* Your objective
In the records below, repeat word for word only the lines starting at the one that contains "maha shivratri 2024" and ending at the one that contains "Used 2017 RAM", pictures excluded.

* Data for analysis
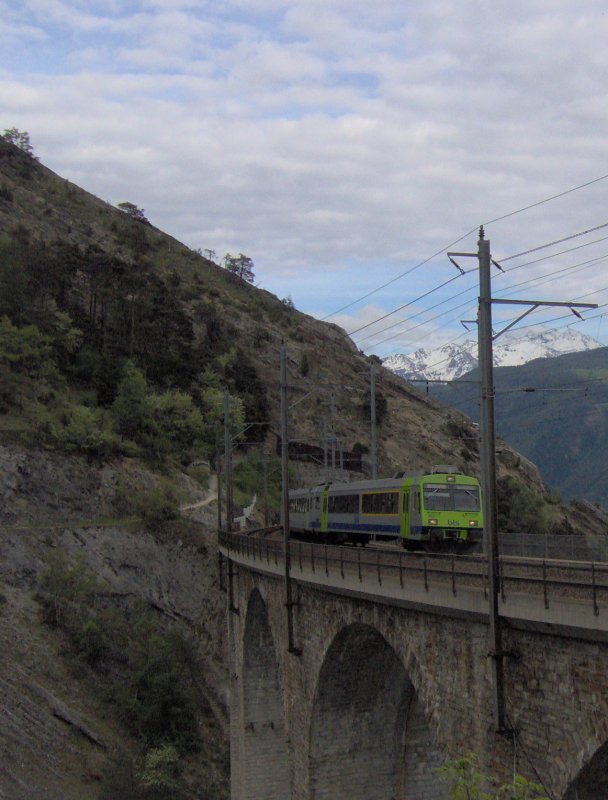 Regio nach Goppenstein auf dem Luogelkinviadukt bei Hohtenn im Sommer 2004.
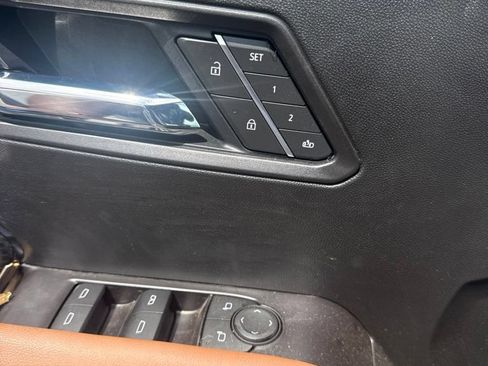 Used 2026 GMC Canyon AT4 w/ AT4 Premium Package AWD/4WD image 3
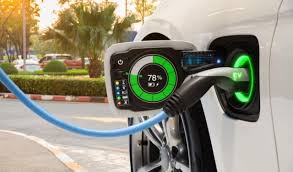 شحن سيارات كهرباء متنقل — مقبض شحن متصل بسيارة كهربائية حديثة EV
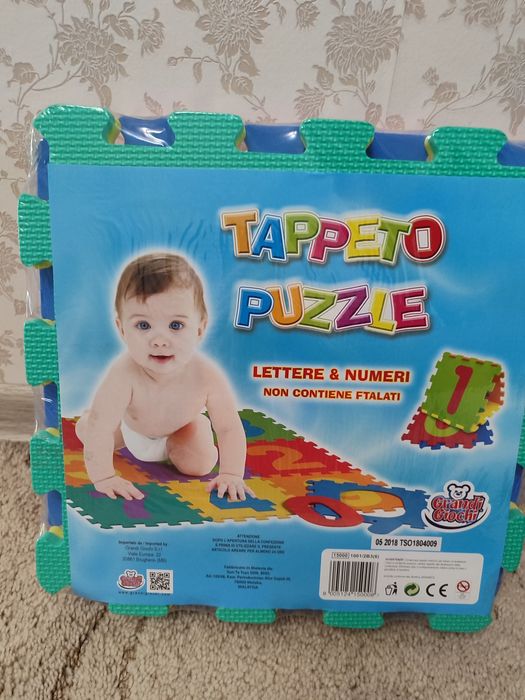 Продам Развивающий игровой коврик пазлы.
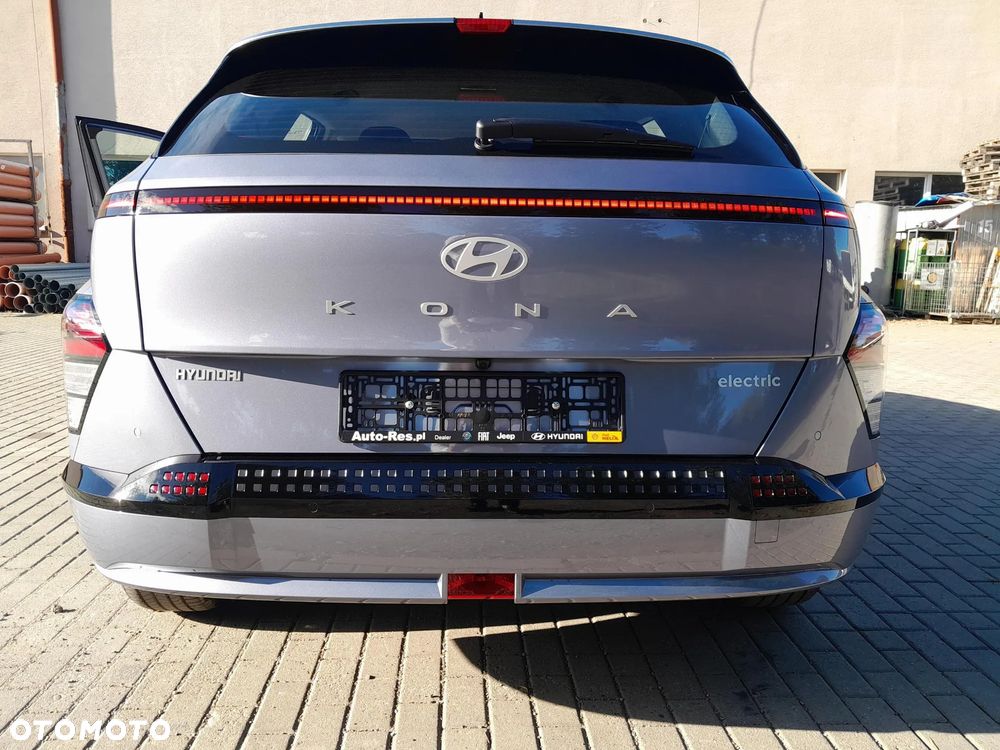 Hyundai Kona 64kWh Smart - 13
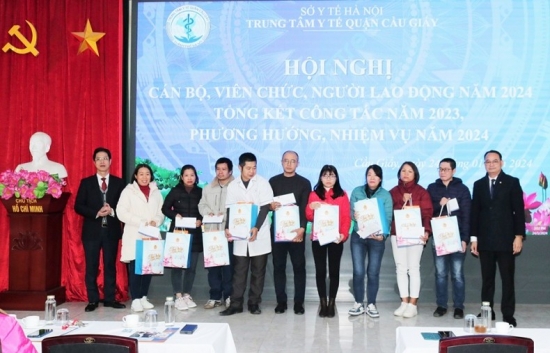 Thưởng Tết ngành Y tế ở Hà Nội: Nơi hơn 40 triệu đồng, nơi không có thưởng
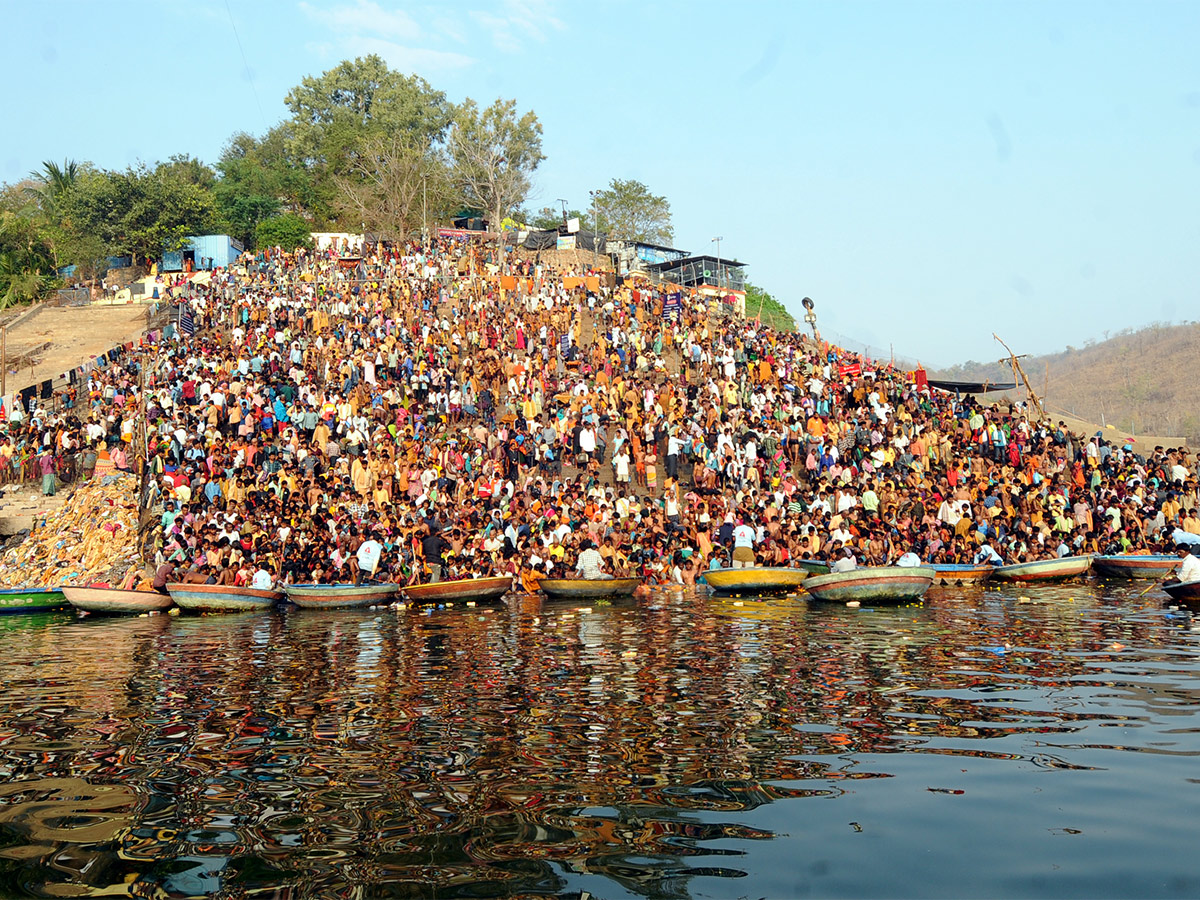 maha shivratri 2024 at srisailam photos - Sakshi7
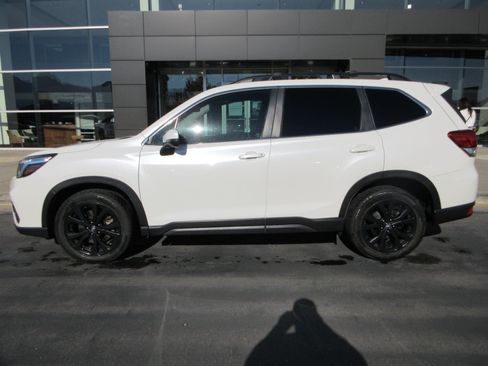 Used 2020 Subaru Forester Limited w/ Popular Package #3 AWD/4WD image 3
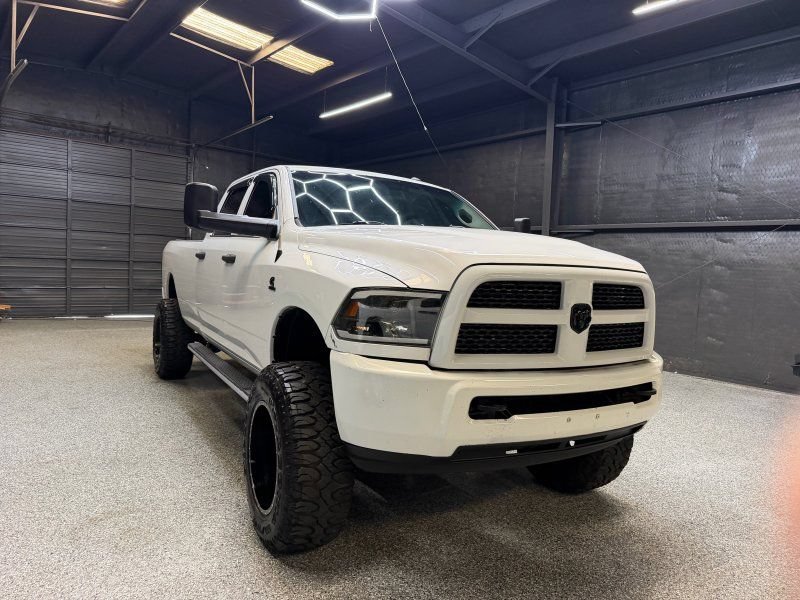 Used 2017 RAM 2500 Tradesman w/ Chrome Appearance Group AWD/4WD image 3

...

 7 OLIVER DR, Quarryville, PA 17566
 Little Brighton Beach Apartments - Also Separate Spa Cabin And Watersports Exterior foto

* Response box
 maha shivratri 2024 at srisailam photos - Sakshi7
 Used 2020 Subaru Forester Limited w/ Popular Package #3 AWD/4WD image 3
 Used 2017 RAM 2500 Tradesman w/ Chrome Appearance Group AWD/4WD image 3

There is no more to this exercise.